[Short text fragments from websites]
· · · ·
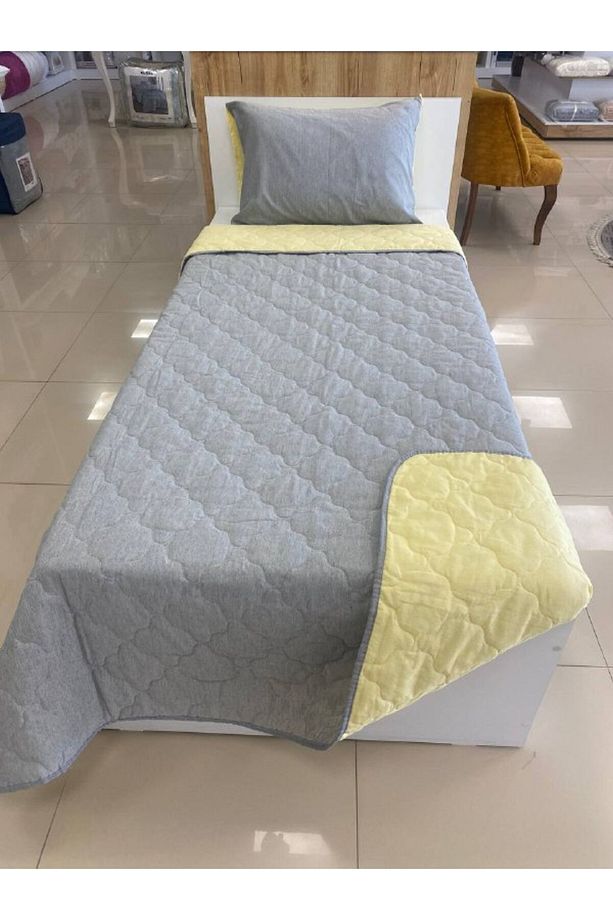 Tek Kişilik Kapitoneli Çift Taraflı Yatak Örtüsü Takımı Genç Çocuk Odası Yatak Örtüsü Gri Sarı - 4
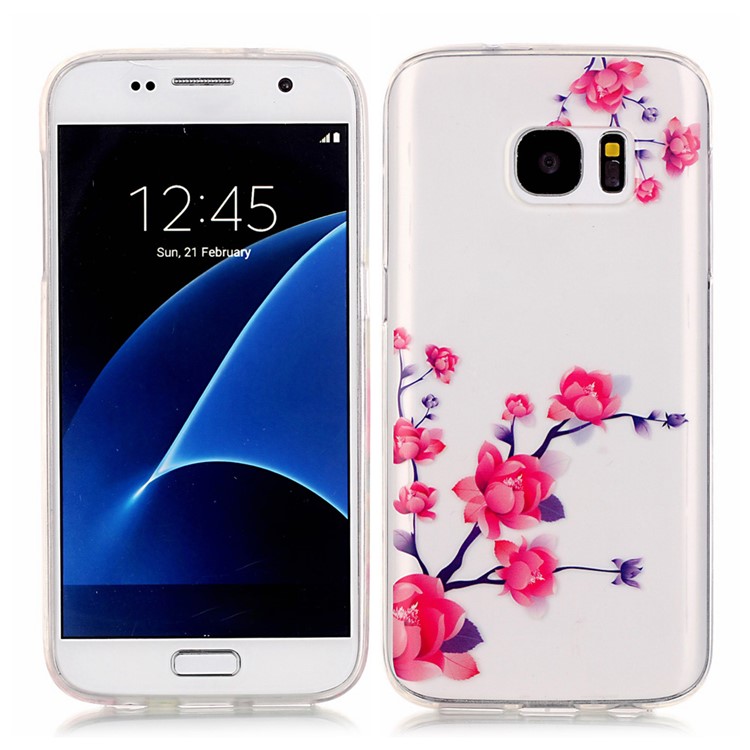 Прозрачный imd тпу чехол для samsung galaxy s7 g930 - цветущий цветок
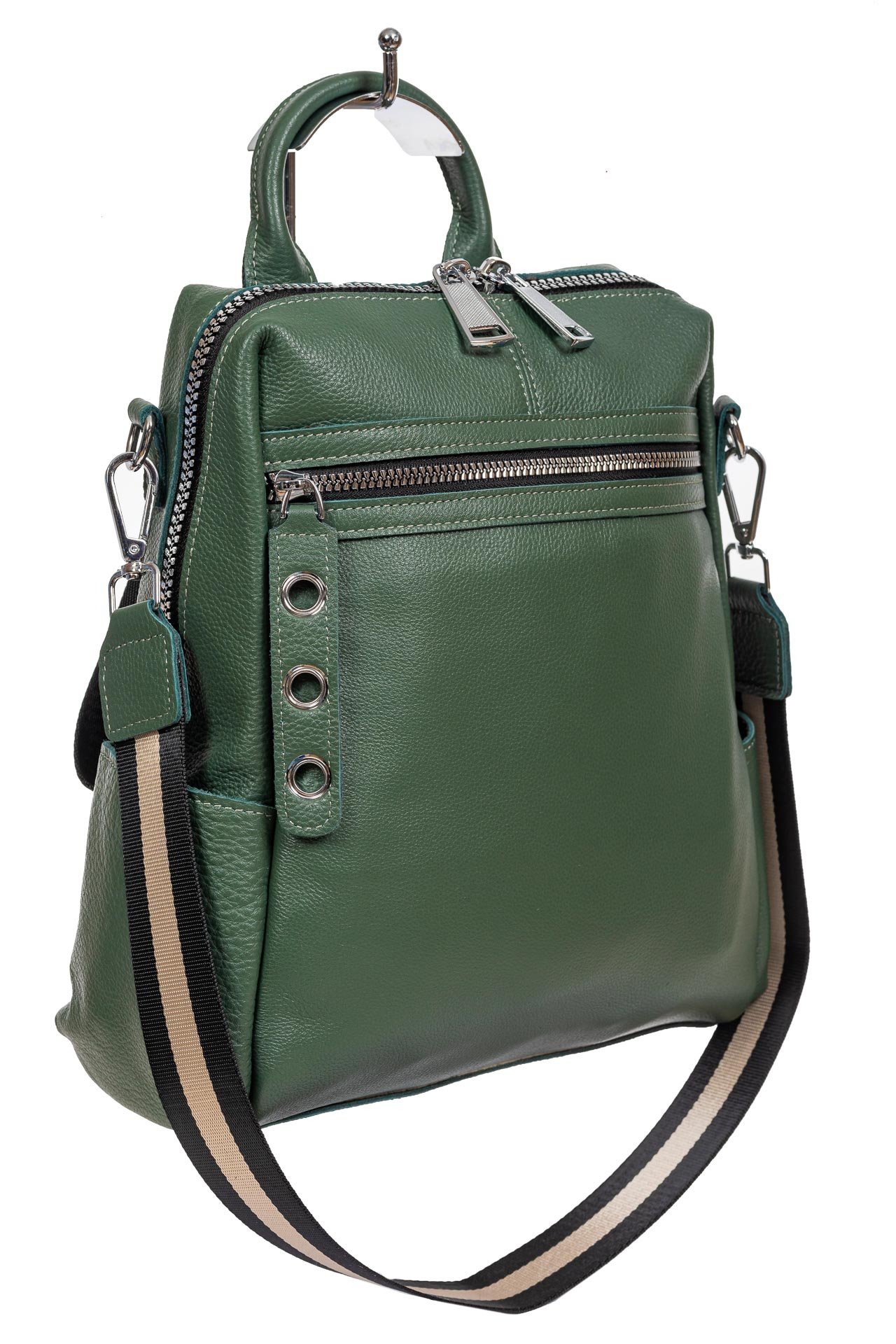 На фото 1 - Молодёжная сумка-рюкзак из фактурной натуральной кожи, цвет зелёный
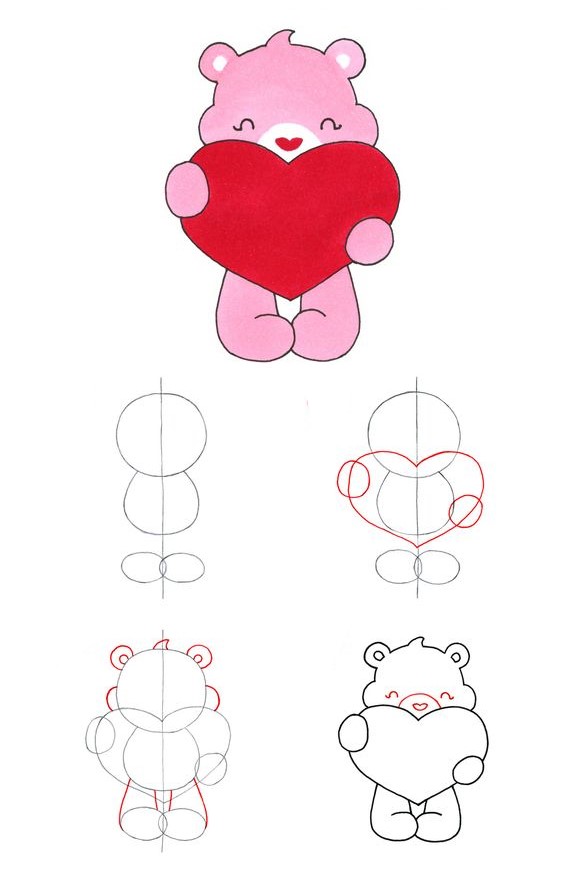 Ours en peluche coeur (6) dessin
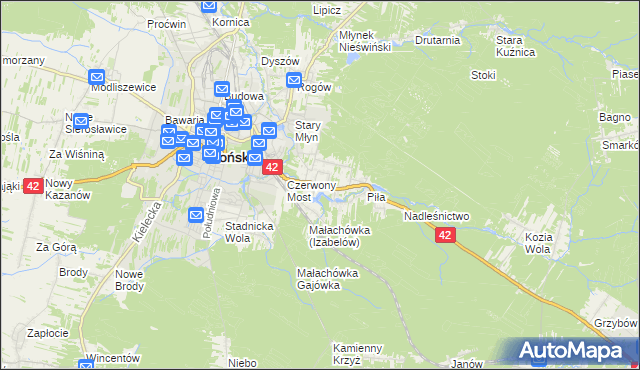 mapa Pomyków gmina Końskie, Pomyków gmina Końskie na mapie Targeo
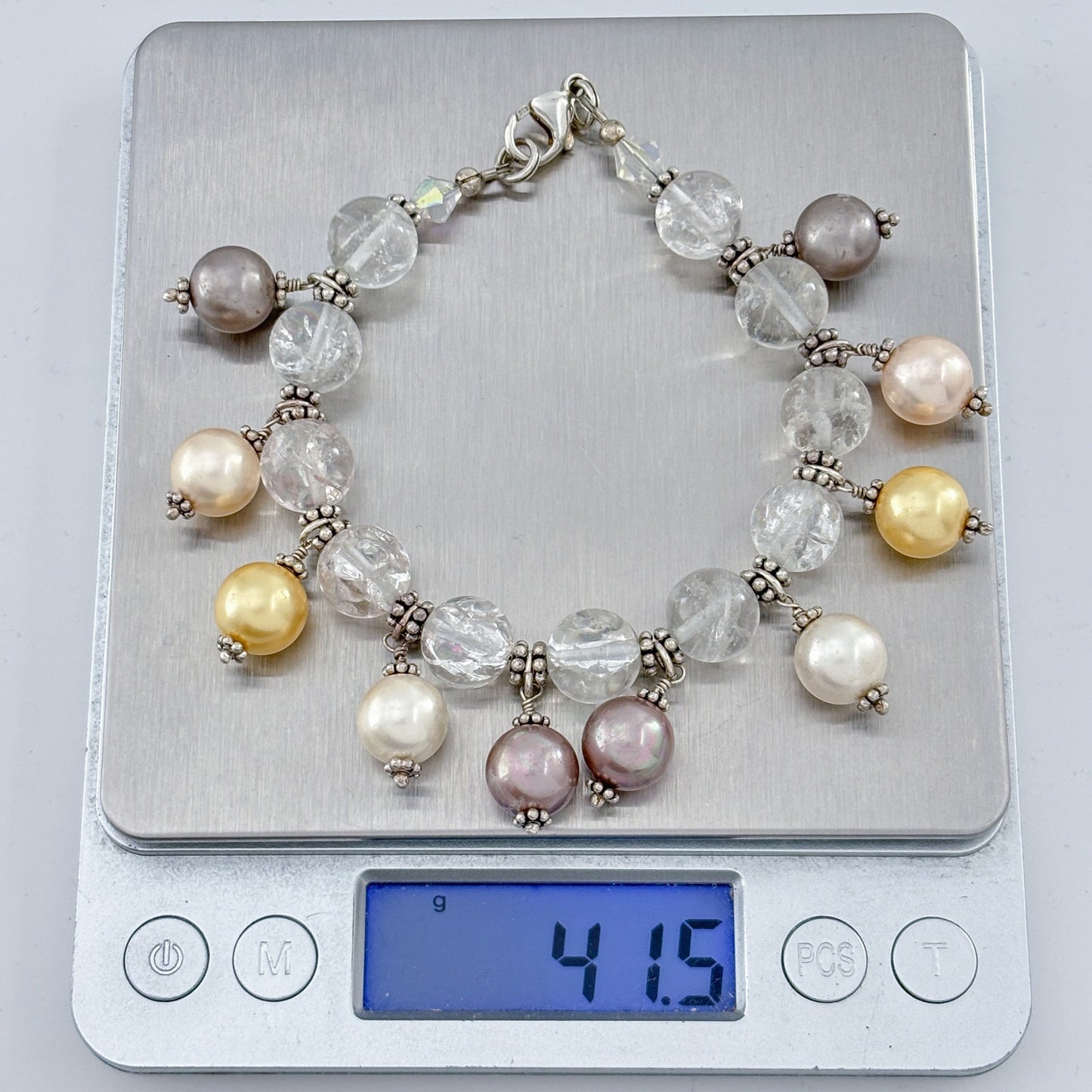 Vintage Sterling Silver 925 Quartz Imitation Pearl Bracelet 7.5"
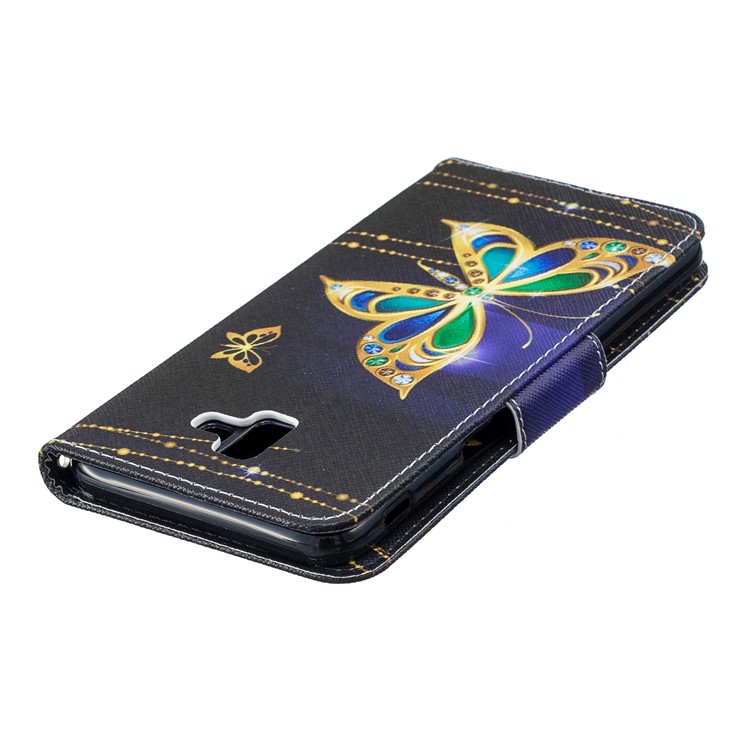 Pattern Printing Wallet Leather Folio Shell for Samsung Galaxy J6+ / J6 Prime - Rhinestone Decor Butterfly-7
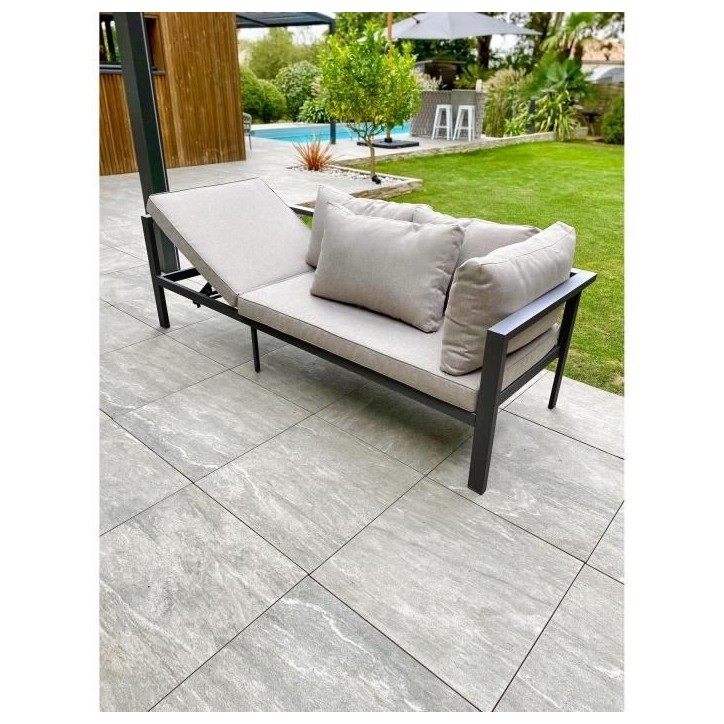 Ensemble repas de jardin ANTALYA 9 places en aluminium - GRIS ANTHRACITE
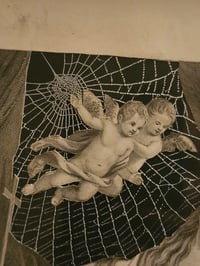 Image 7 of STATEMENT "Mary Magdalen"  1800s Bible Page With Preserved Web - BLACK FRAME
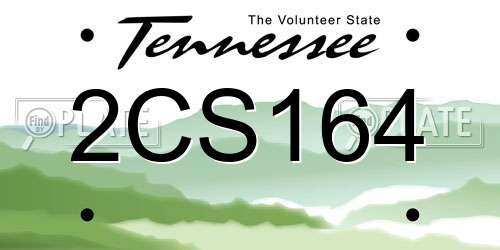 2CS164 Tennessee License Plate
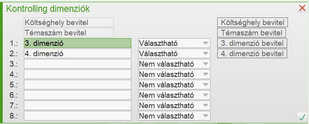 Kontrolling dimenziók bevitele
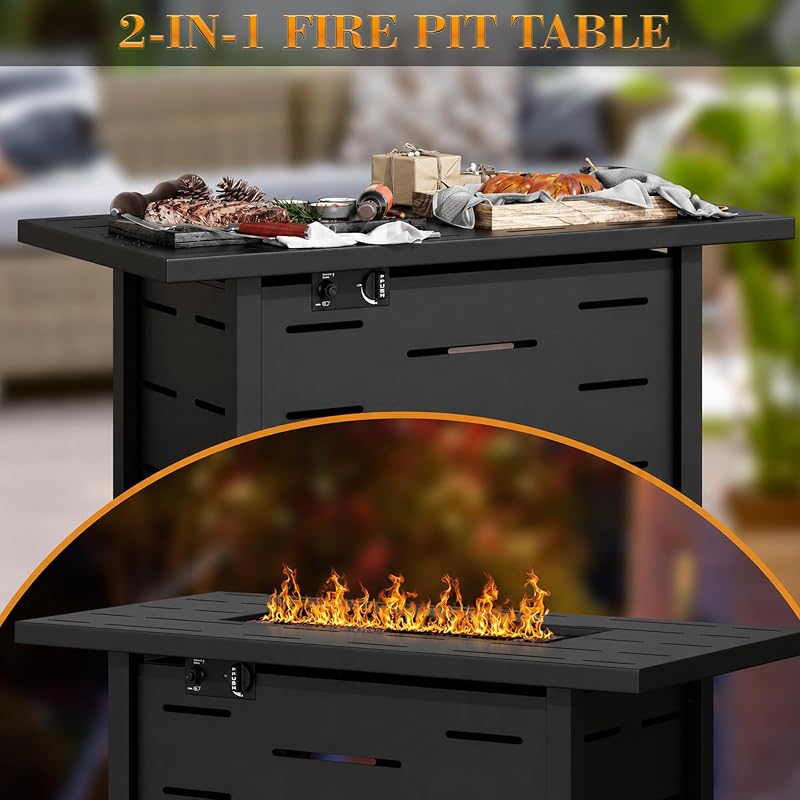 43 Inch Propane Fire Pit Table for Patio & Backyard, 50,000 BTU Steel Gas Fire Pit with Lid & Lava Rocks, Outdoor Table Heater for Deck, Garden, Smokeless Flame image 6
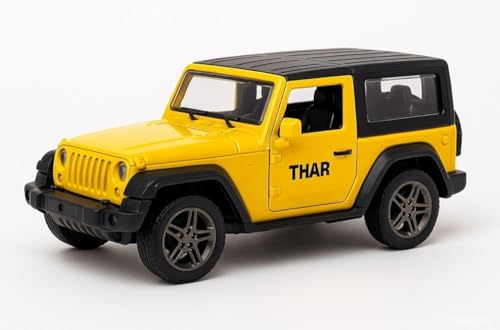 Image of 1:32 Scale DieCast Metal Pull-Back Action Openable Doors 4x4 Thar /Jeep Premium Car Toy with Lights and Music for Kids Realistic Miniature Model Gift 2+yrs Girls Boys (Yellow Thar /Jeep)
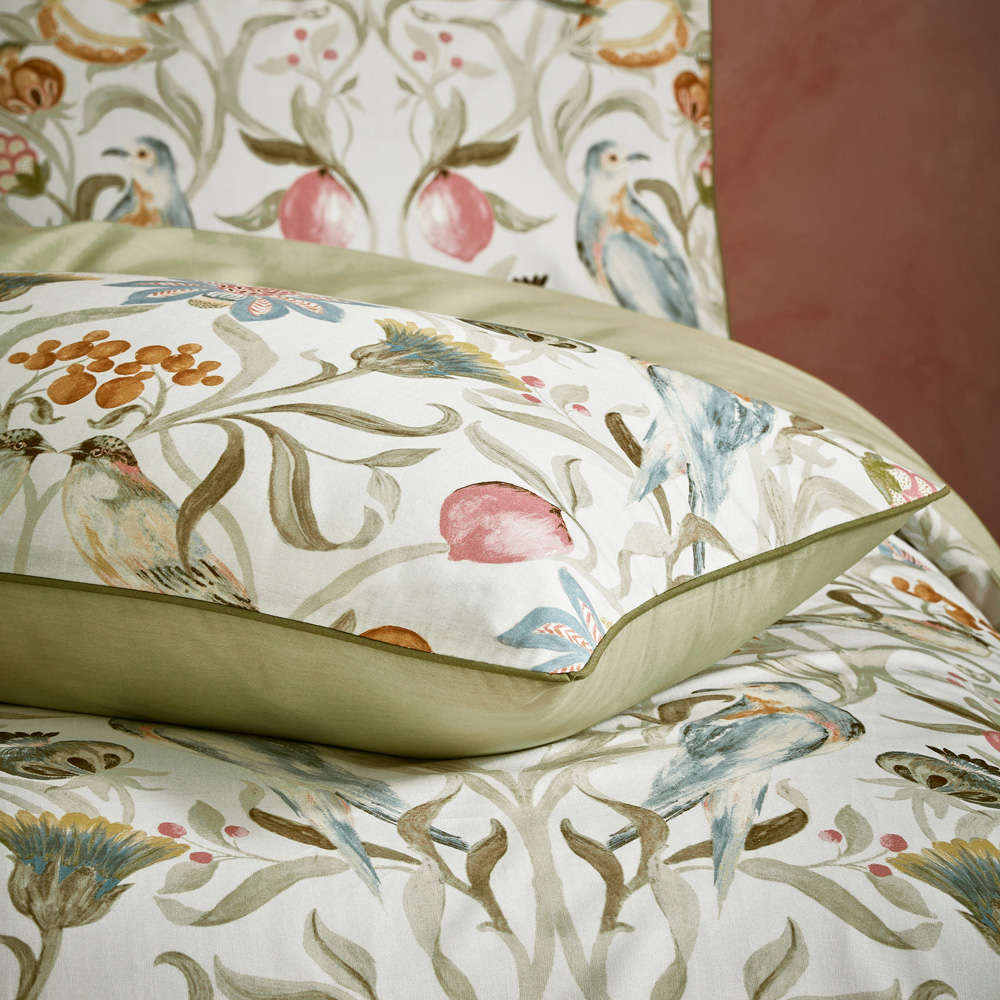 EW by Edinburgh Weavers Liberty Floral Birds Double Stone Cotton Duvet Cover Set Image 4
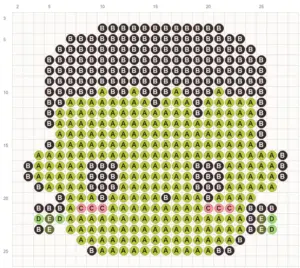 Frankenstein Monster Head fuse bead pattern - printable chart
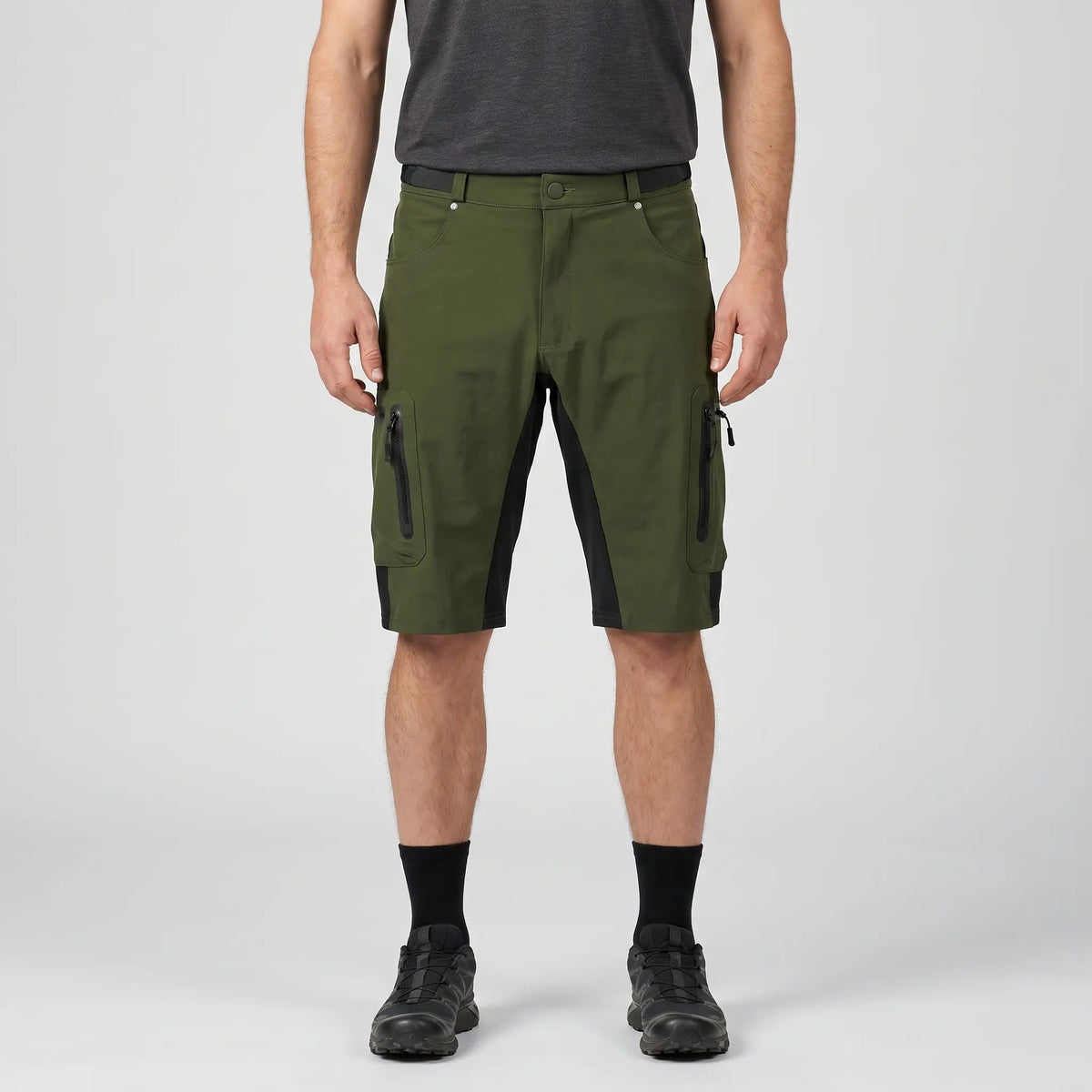 Olive Green MTB shorts worn, front view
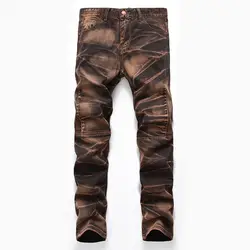 Новая мода Тонкий Для мужчин s Дизайнерские джинсы Брюки Костюмы Винтаж Для мужчин джинсы классические джинсы плюс размер 42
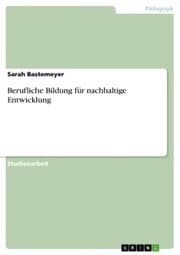 Cover von Berufliche Bildung für nachhaltige Entwicklung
· · · ·
- [Task description]:
Using the records above, print exactly the lines between the ones containing "Kontrolling dimenziók bevitele" and "Image of 1:32", inclusive, and nothing else; no pictures.

- [Result of the exercise]:
 Kontrolling dimenziók bevitele
 43 Inch Propane Fire Pit Table for Patio & Backyard, 50,000 BTU Steel Gas Fire Pit with Lid & Lava Rocks, Outdoor Table Heater for Deck, Garden, Smokeless Flame image 6
 Image of 1:32 Scale DieCast Metal Pull-Back Action Openable Doors 4x4 Thar /Jeep Premium Car Toy with Lights and Music for Kids Realistic Miniature Model Gift 2+yrs Girls Boys (Yellow Thar /Jeep)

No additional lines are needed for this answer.